━━━ Data for review ━━━

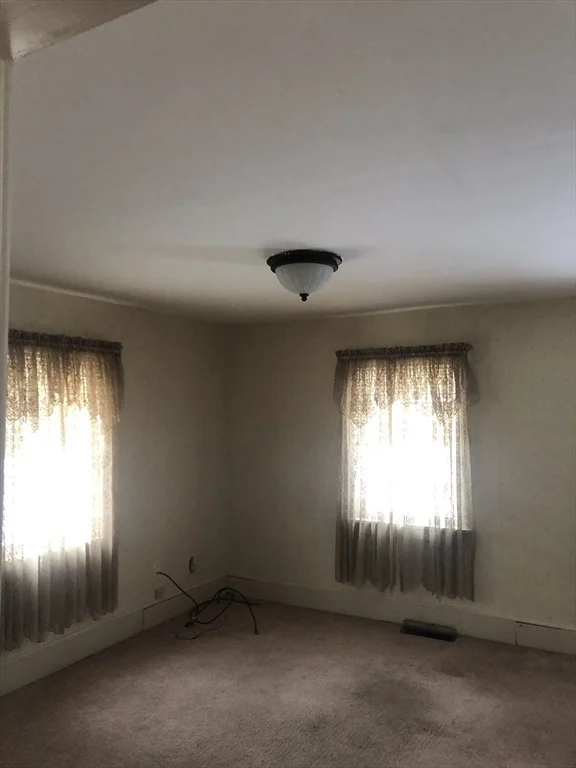 Photo of 94 Garfield Rd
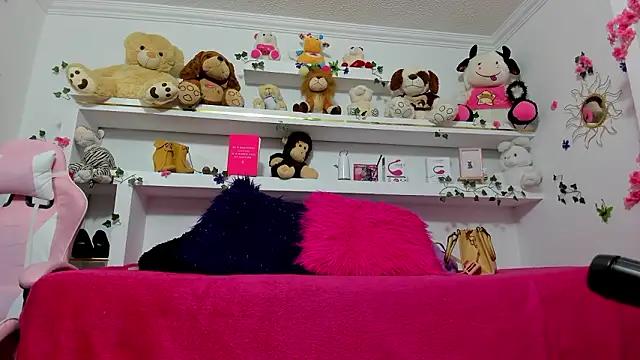 maira diazz online show from 2, 2, 2026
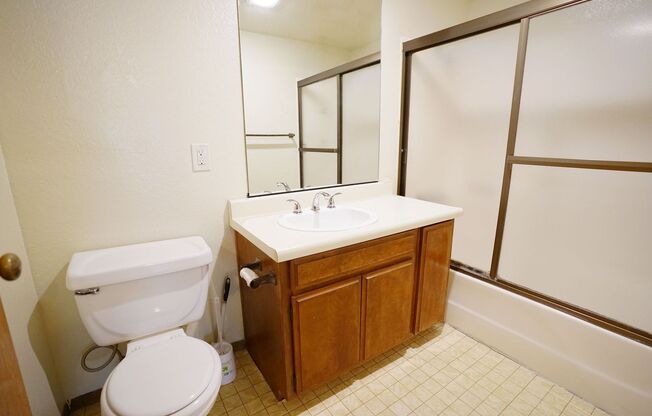 1 bed, 1 bath, $1,900, Unit 17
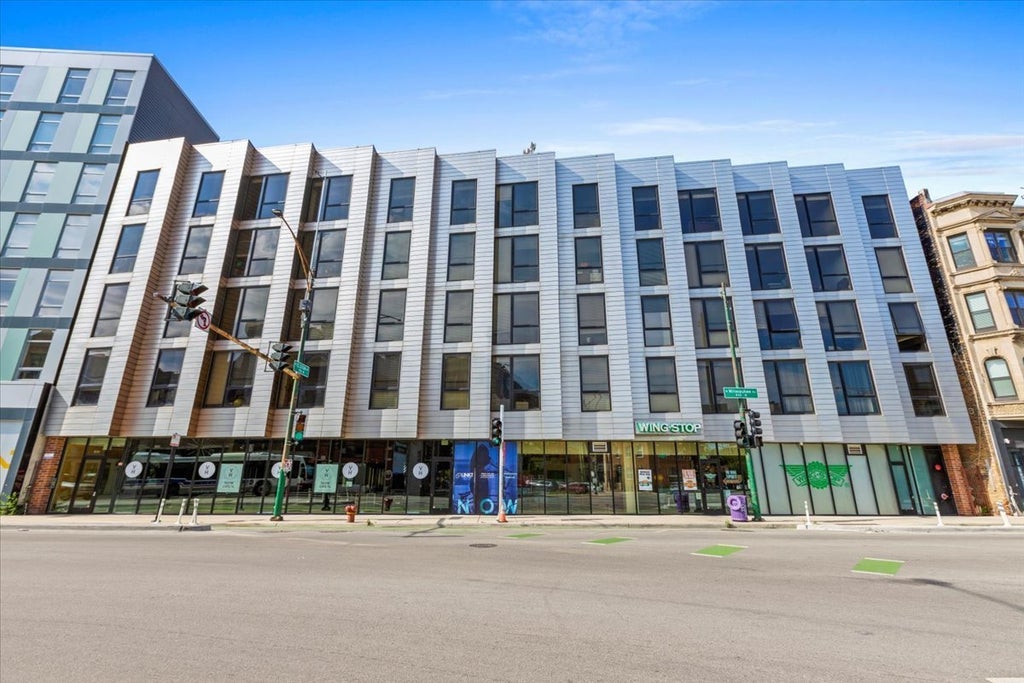 830 North Milwaukee Avenue 305, Chicago, 60642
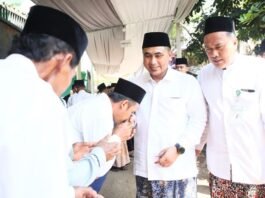 Wakil Gubernur Jateng Taj Yasin Maimoen ketika hadir di acara Majlis Dzikir dan Manakib ke-21 Jamiyyah Manakib Jawahirul Ma’ani di Pondok Pesantren Ar Roudloh, Limpung, Kabupaten Batang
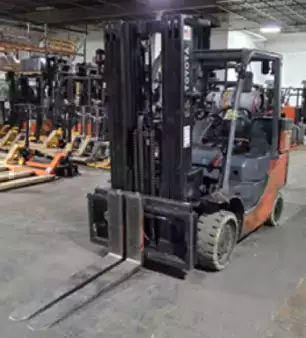 Montacargas GLP 2020  Toyota 8FGC35U-BCS (1)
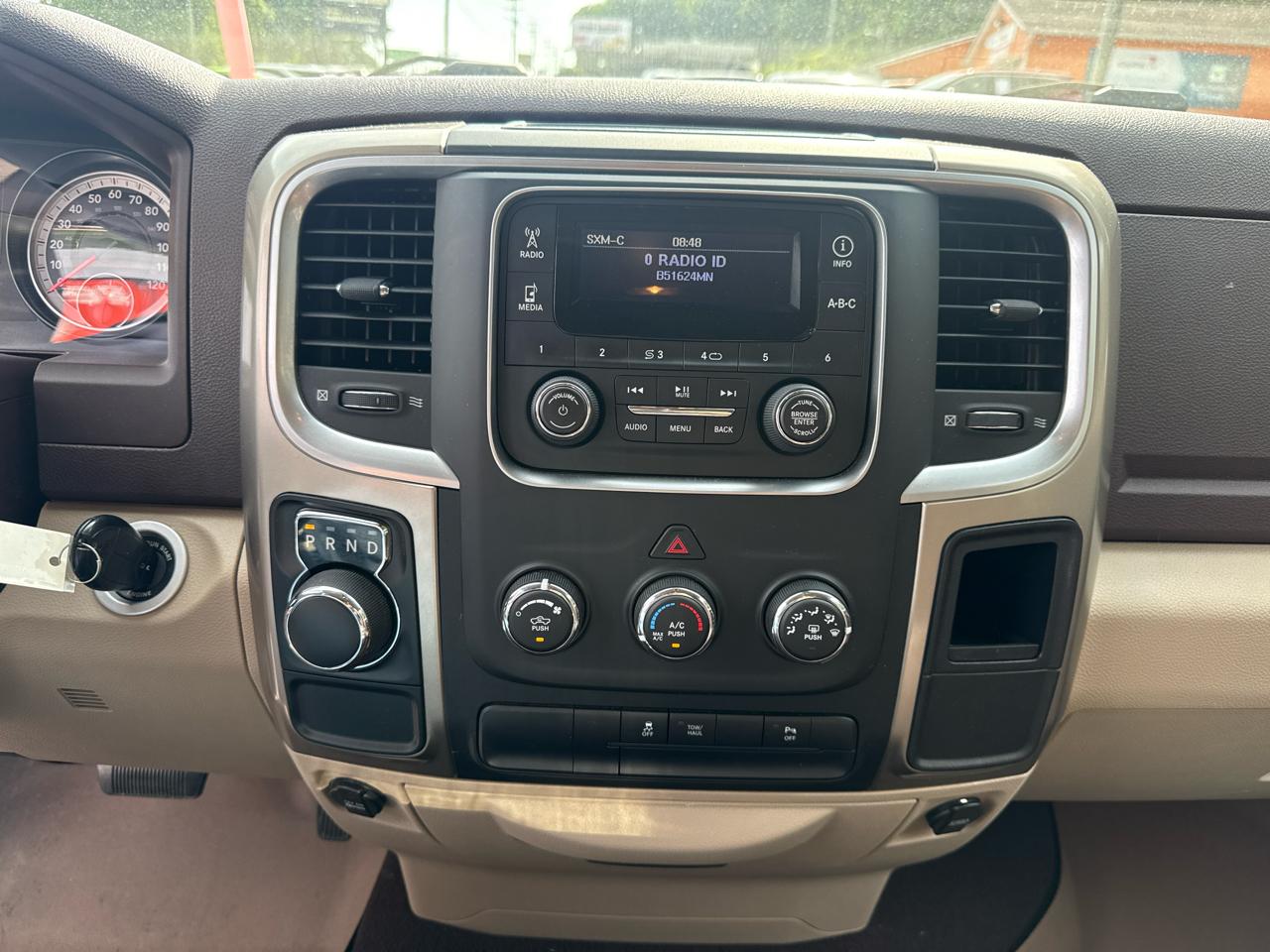 RAM 1500 SLT Quad Cab 2WD 2013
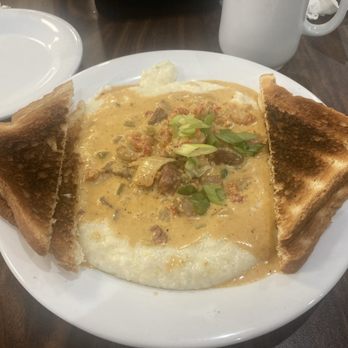 The Smoking Egg - Crawfish n Grits - Seafood Near Me - Savannah, Georgia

━━━

_Your goal_
An exact copy is needed of the lines running from the one containing "maira diazz online show from 2, 2, 2026" through the last line of the material, and of no others; pictures stay out.

_Response to the exercise_
 maira diazz online show from 2, 2, 2026
 1 bed, 1 bath, $1,900, Unit 17
 830 North Milwaukee Avenue 305, Chicago, 60642
 Wakil Gubernur Jateng Taj Yasin Maimoen ketika hadir di acara Majlis Dzikir dan Manakib ke-21 Jamiyyah Manakib Jawahirul Ma’ani di Pondok Pesantren Ar Roudloh, Limpung, Kabupaten Batang
 Montacargas GLP 2020  Toyota 8FGC35U-BCS (1)
 RAM 1500 SLT Quad Cab 2WD 2013
 The Smoking Egg - Crawfish n Grits - Seafood Near Me - Savannah, Georgia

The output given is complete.